Henderson expressed his support for the bill, and he said that it may help to improve turnout and fight stereotypes about young voters.
“It’s important to me that all UMKC students who want or need to vote on Election Day can do so without being punished academically,” Henderson wrote on Twitter. “There are a lot of folks who like to disparage young people and their low voter turnout rate, so here’s hoping we prove the haters wrong next week.”
The sentiment was shared by other students on campus, including UMKC College Democrats President Mason McGregor.
“It’s important to make sure that all students are able to make their voices heard in a democracy that continues to feel less and less democratic,” McGregor said. “If we force some students to choose between their school work and their civic duty, a lot of young people’s votes are going to end up not being cast.”
McGregor also said he hopes professors will continue to be lenient until the election is over and every ballot has been counted.
“Don’t make us choose between our academic future and our political future, because the two are indistinguishable when you consider the positions and policies we’re voting on,” McGregor said.

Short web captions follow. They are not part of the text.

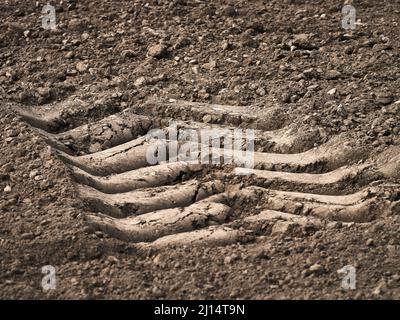 Des traces profondes de pneus de tracteur enfoncées dans un sol sec sur un champ agricole Banque D'Images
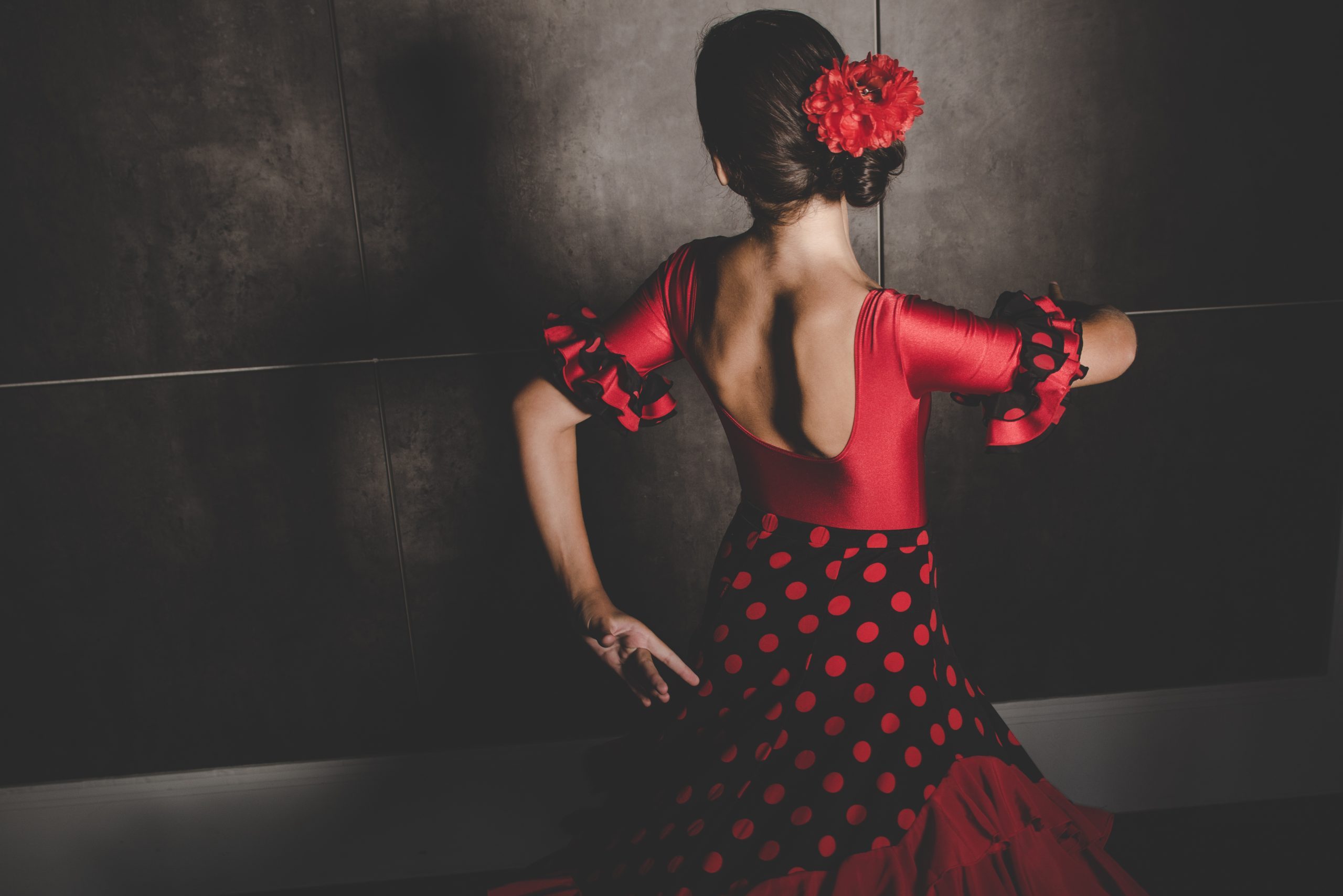 The Arts Society Nerja foredrag om flamenco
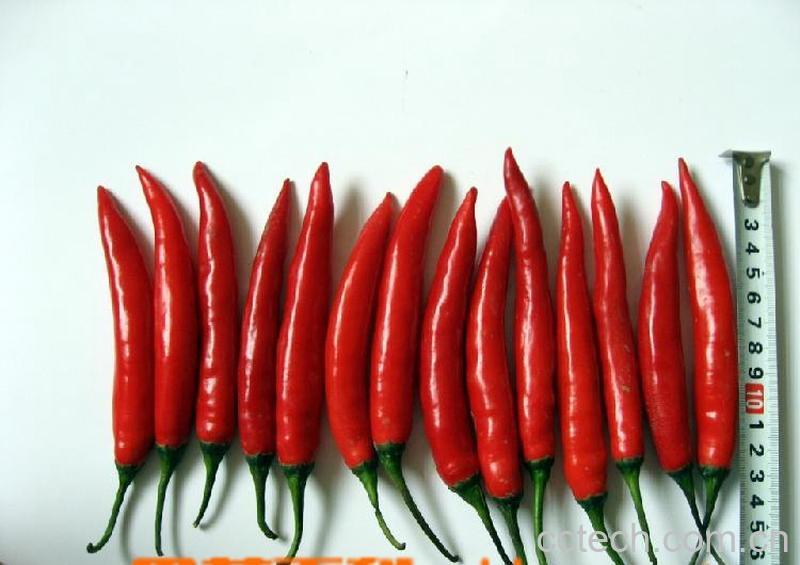 果蔬百科辣椒-0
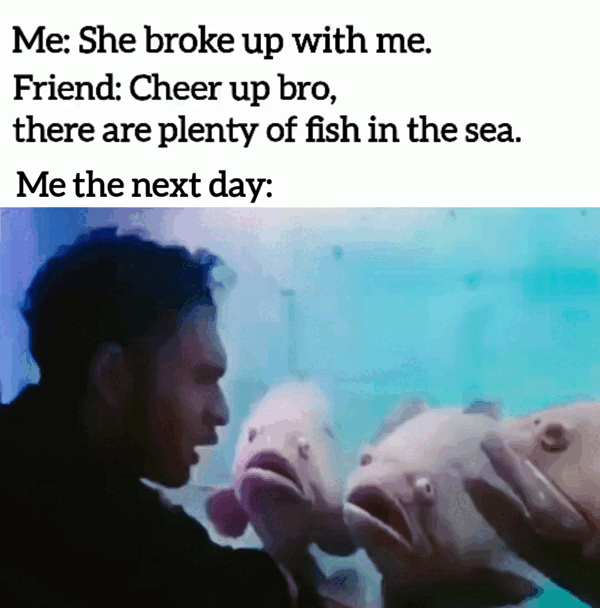 Me She broke up with me Friend Cheer up bro there are plenty of fish in the sea Me the next day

After Henderson signed the bill, UMKC Chancellor Mauli Agrawal sent a statement to students and staff urging faculty to take special considerations on Election Day.
“While we are not in a position to cancel classes on election day, I want to urge all of our faculty to be flexible with schedules and attendance policies that day,” Agrawal wrote. “Students should check with their instructors in advance to determine whether allowances will be made for students experiencing long wait times to vote.”
Agrawal added that faculty and staff are able to receive paid time off in order to vote.